→ ENTRIES SHOWN:
'''

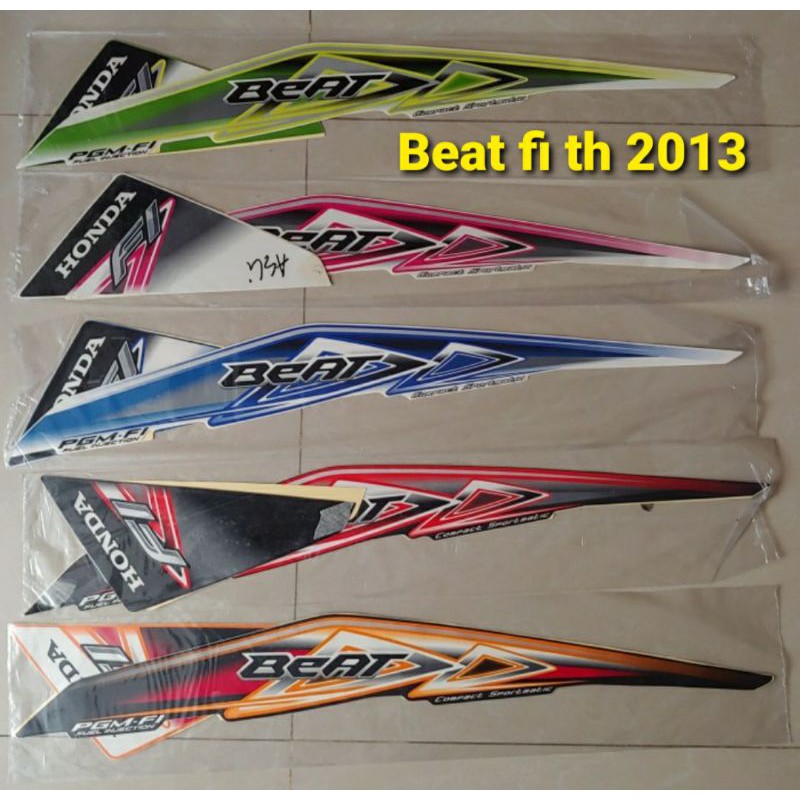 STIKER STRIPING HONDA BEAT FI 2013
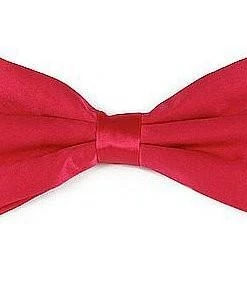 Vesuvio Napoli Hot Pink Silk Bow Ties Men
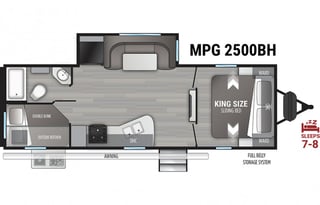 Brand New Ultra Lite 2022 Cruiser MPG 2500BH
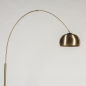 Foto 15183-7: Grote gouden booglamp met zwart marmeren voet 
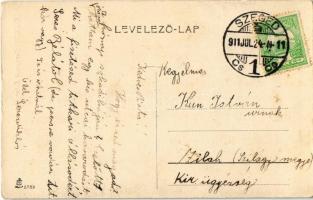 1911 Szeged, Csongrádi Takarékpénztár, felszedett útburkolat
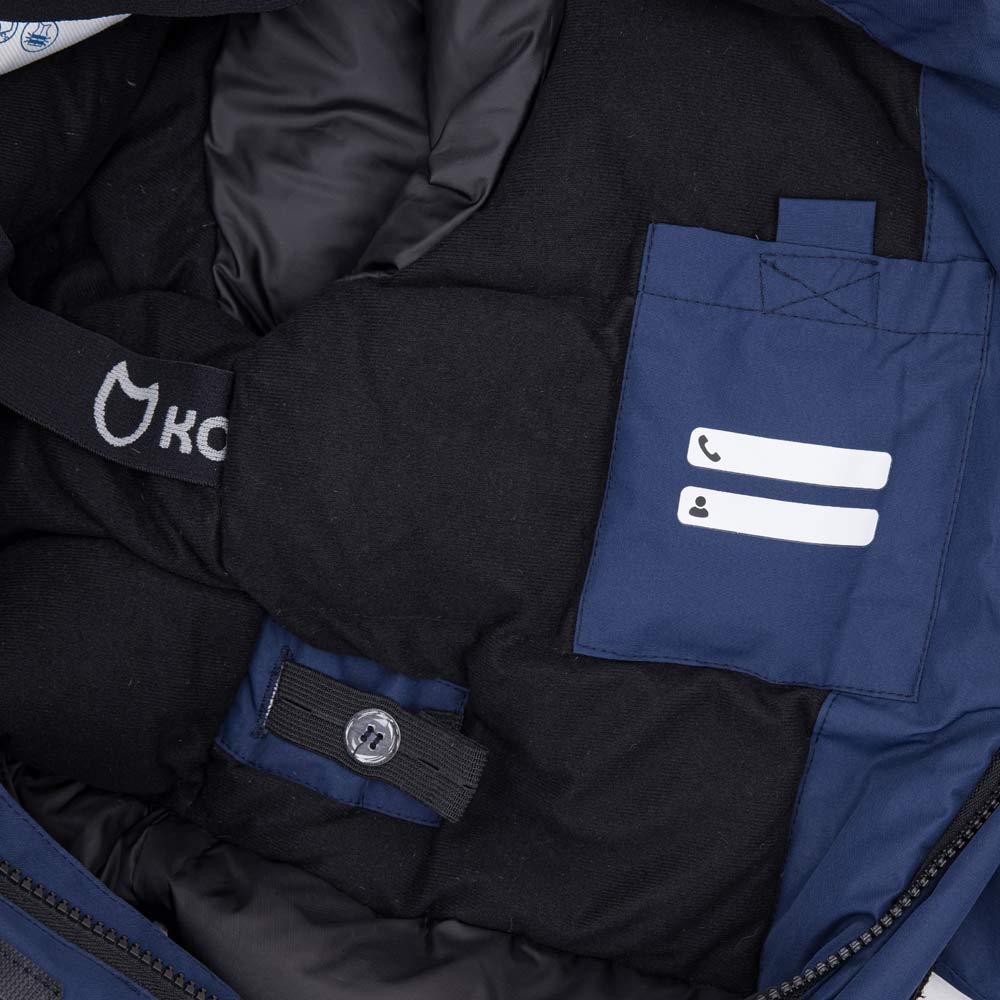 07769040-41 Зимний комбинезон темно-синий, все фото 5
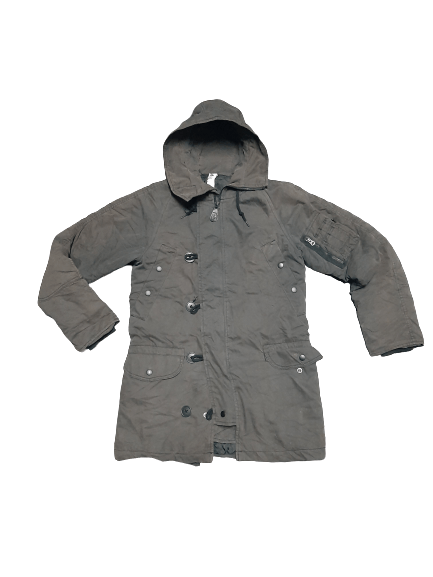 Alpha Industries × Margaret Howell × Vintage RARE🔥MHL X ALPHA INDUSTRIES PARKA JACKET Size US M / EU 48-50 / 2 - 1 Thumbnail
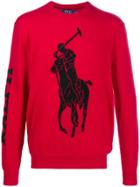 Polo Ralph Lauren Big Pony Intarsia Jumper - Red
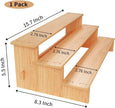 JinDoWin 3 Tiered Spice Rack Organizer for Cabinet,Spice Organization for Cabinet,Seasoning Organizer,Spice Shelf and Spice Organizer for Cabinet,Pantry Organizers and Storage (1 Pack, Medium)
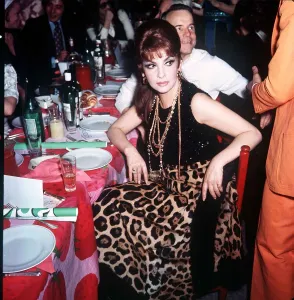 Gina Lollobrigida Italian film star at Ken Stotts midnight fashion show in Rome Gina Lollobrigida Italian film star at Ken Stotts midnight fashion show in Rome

'''

→ TASK DIRECTIONS: The data needs to be reproduced exactly, please, apart from its pictures.

→ FINISHED TASK:
 STIKER STRIPING HONDA BEAT FI 2013
 Vesuvio Napoli Hot Pink Silk Bow Ties Men
 Brand New Ultra Lite 2022 Cruiser MPG 2500BH
 Foto 15183-7: Grote gouden booglamp met zwart marmeren voet 
 1911 Szeged, Csongrádi Takarékpénztár, felszedett útburkolat
 07769040-41 Зимний комбинезон темно-синий, все фото 5
 Alpha Industries × Margaret Howell × Vintage RARE🔥MHL X ALPHA INDUSTRIES PARKA JACKET Size US M / EU 48-50 / 2 - 1 Thumbnail
 Polo Ralph Lauren Big Pony Intarsia Jumper - Red
 JinDoWin 3 Tiered Spice Rack Organizer for Cabinet,Spice Organization for Cabinet,Seasoning Organizer,Spice Shelf and Spice Organizer for Cabinet,Pantry Organizers and Storage (1 Pack, Medium)
 Gina Lollobrigida Italian film star at Ken Stotts midnight fashion show in Rome Gina Lollobrigida Italian film star at Ken Stotts midnight fashion show in Rome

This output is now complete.